▶ _WORK REQUIRED_
The line with "ART ROVING - hand-dyed" and each line following it, up to the final line of the data, should be set down exactly; pictures stay out.

▶ _DATA SHOWN_
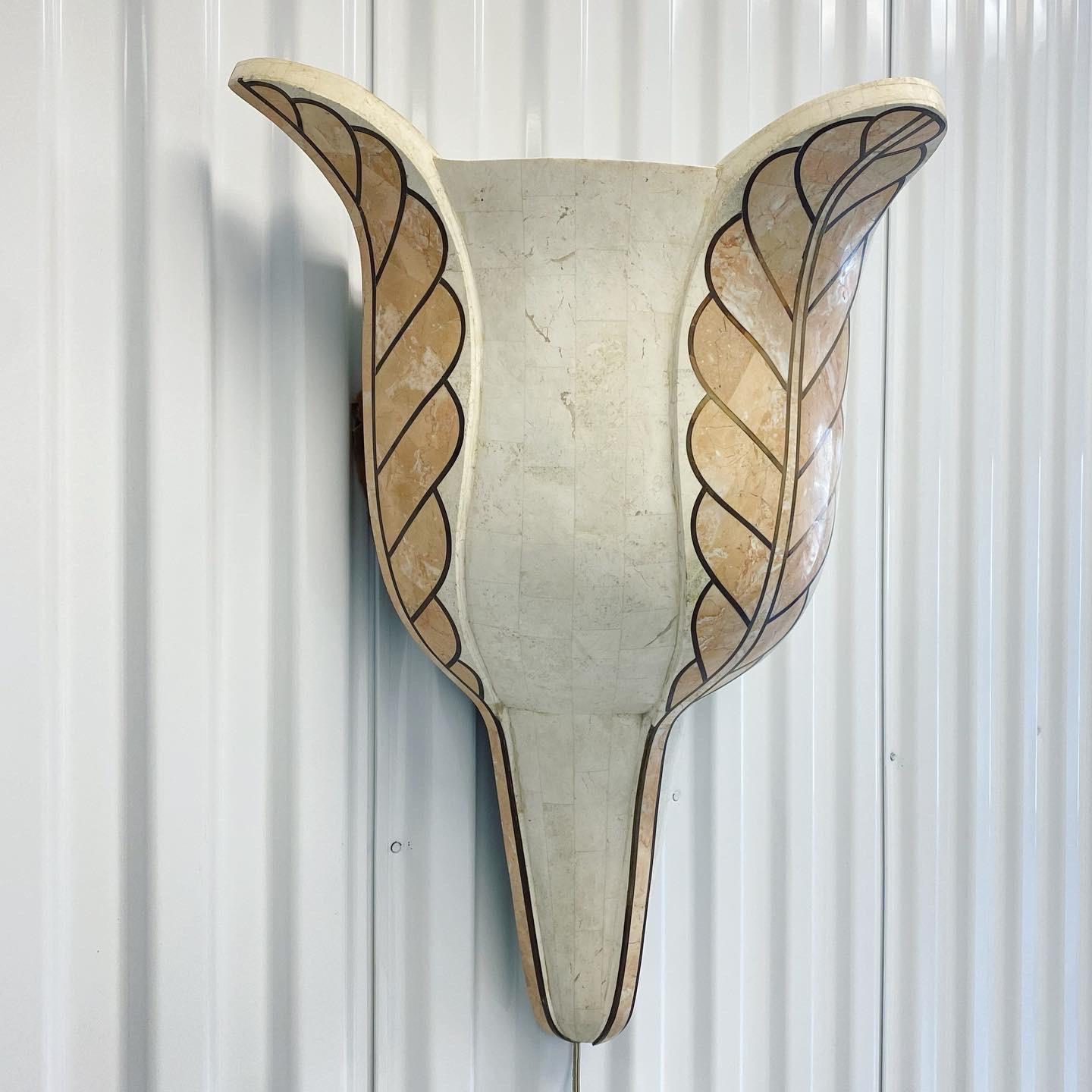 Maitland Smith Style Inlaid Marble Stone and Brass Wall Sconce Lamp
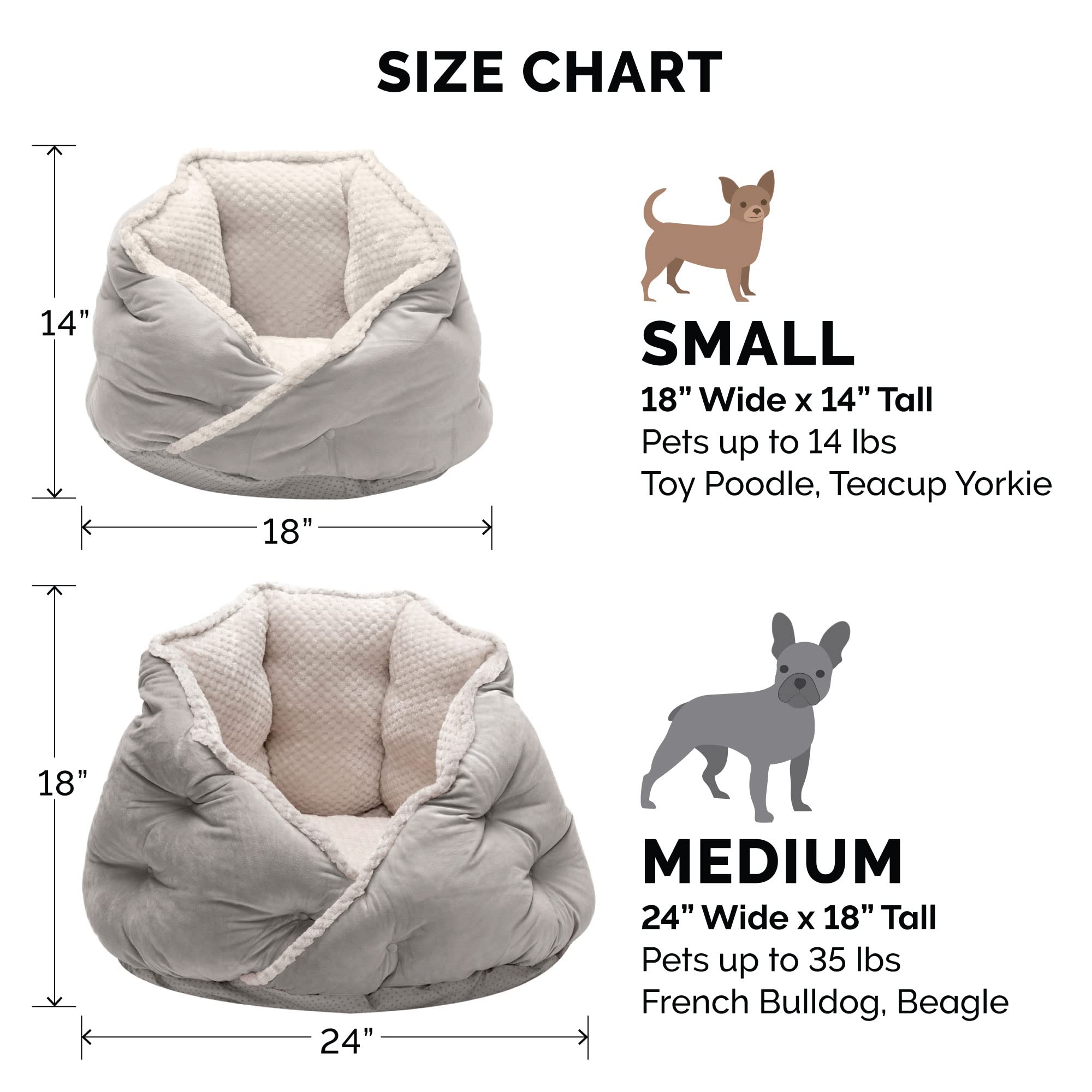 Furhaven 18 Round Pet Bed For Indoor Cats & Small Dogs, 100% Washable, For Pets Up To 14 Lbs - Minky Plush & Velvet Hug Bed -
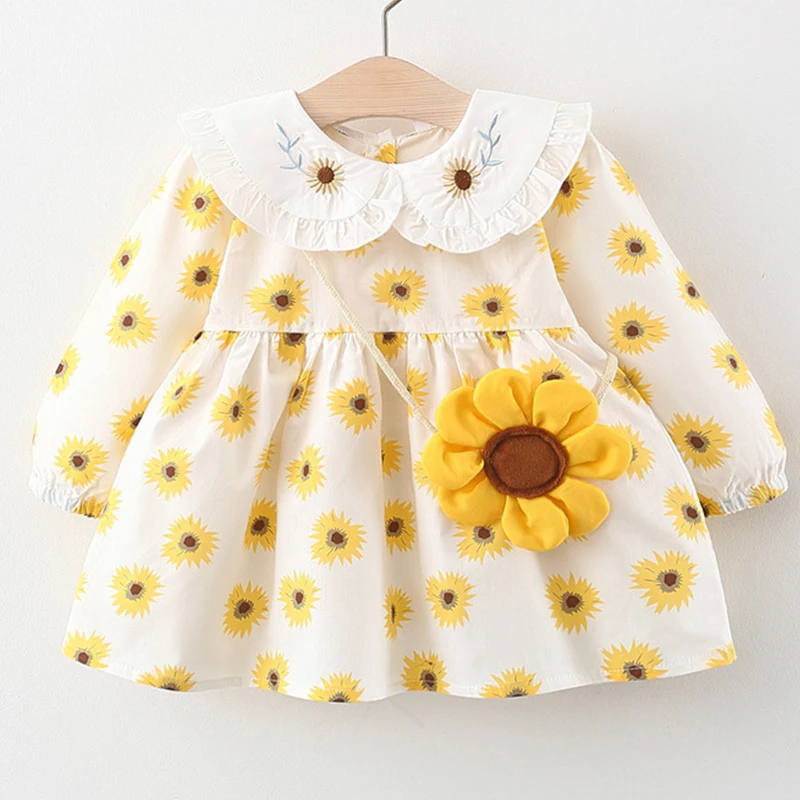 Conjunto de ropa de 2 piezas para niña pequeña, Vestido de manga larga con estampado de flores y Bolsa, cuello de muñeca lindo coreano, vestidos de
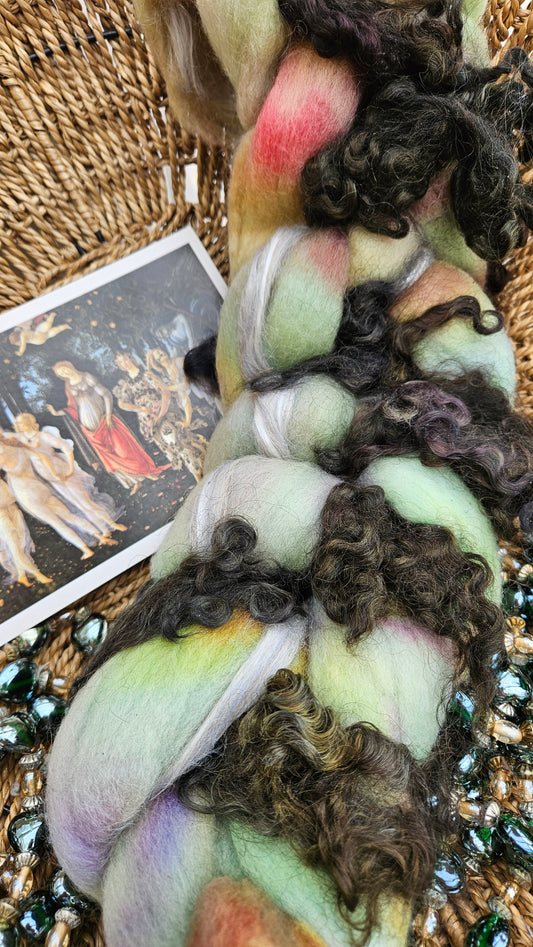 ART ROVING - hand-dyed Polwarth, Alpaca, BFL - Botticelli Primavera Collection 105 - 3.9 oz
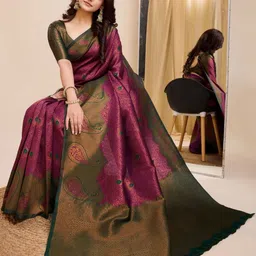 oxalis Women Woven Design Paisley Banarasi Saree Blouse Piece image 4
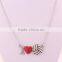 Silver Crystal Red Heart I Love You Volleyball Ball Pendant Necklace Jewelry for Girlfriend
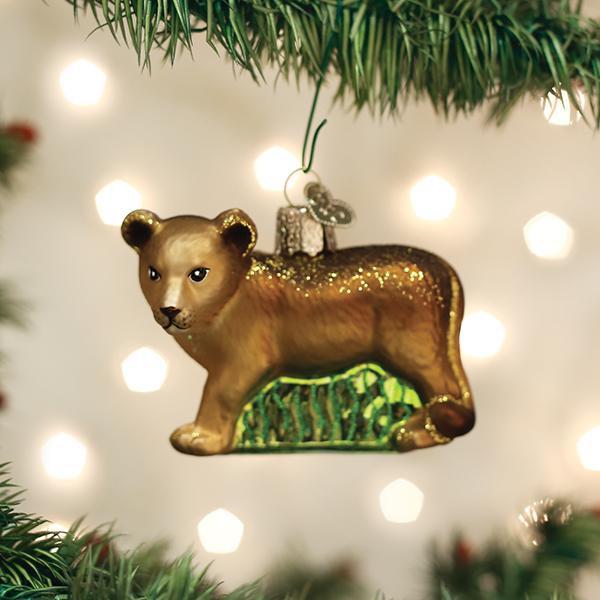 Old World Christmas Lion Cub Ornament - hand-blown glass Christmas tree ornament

▶ _EXERCISE OUTPUT_
 ART ROVING - hand-dyed Polwarth, Alpaca, BFL - Botticelli Primavera Collection 105 - 3.9 oz
 oxalis Women Woven Design Paisley Banarasi Saree Blouse Piece image 4
 Silver Crystal Red Heart I Love You Volleyball Ball Pendant Necklace Jewelry for Girlfriend
 Old World Christmas Lion Cub Ornament - hand-blown glass Christmas tree ornament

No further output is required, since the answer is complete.